DIRECTIONS FOR THIS TASK = Copy everything in the data below exactly except the pictures.

SUPPLIED INFORMATION =
* * * * *

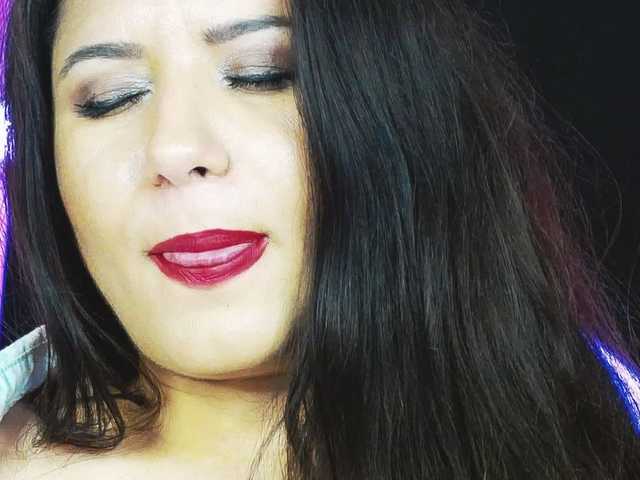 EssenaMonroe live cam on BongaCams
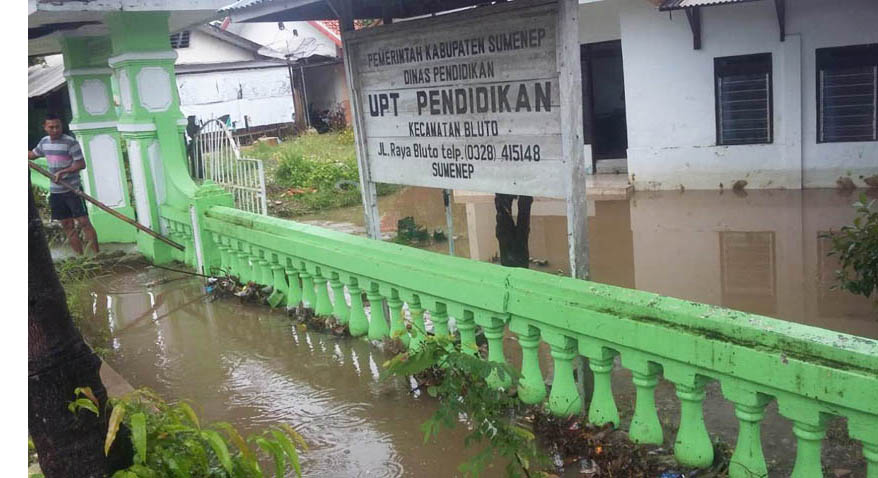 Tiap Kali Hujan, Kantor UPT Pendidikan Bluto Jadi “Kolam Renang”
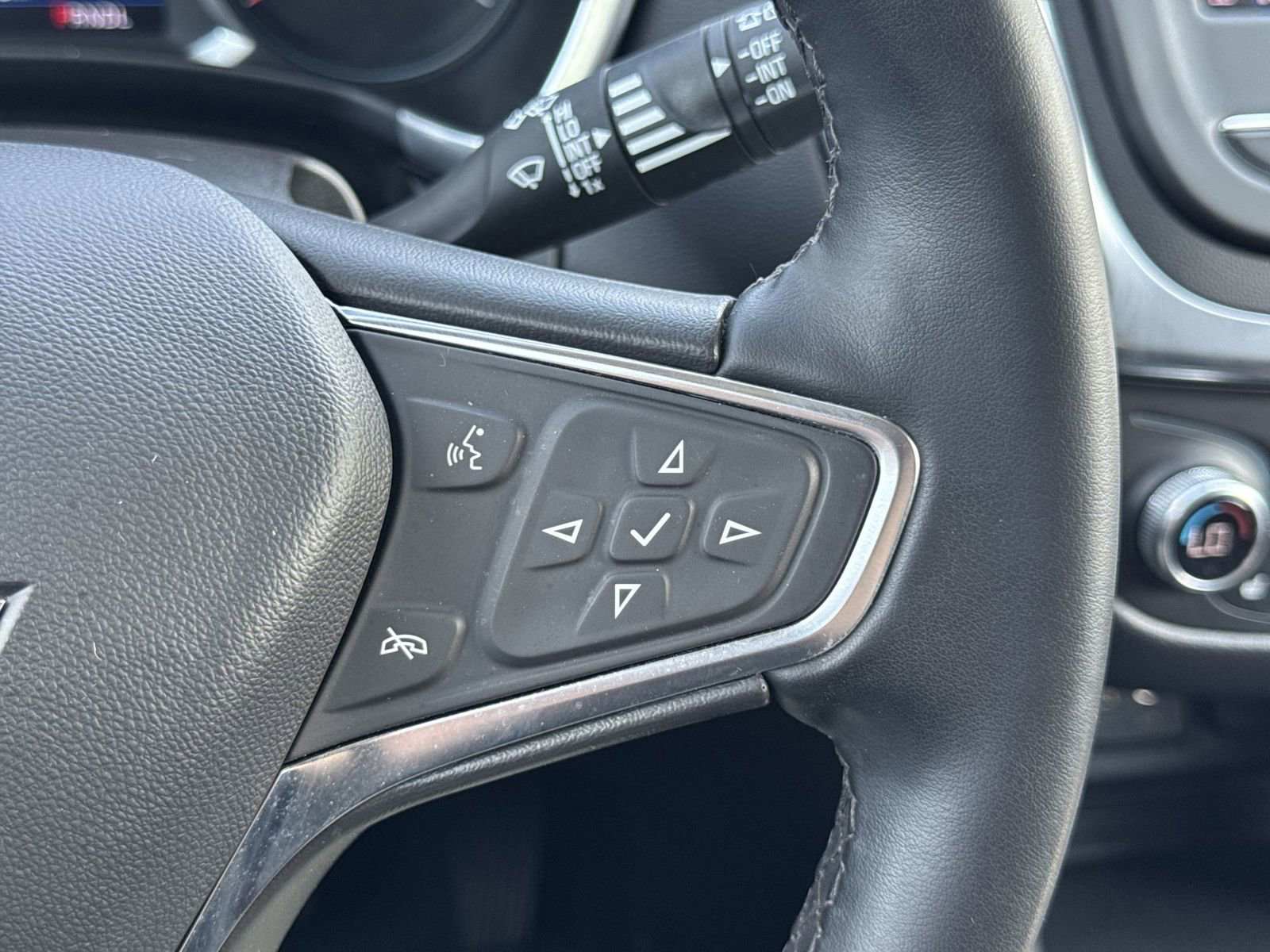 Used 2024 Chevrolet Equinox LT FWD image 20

* * * * *

RESPONSE =
 EssenaMonroe live cam on BongaCams
 Tiap Kali Hujan, Kantor UPT Pendidikan Bluto Jadi “Kolam Renang”
 Used 2024 Chevrolet Equinox LT FWD image 20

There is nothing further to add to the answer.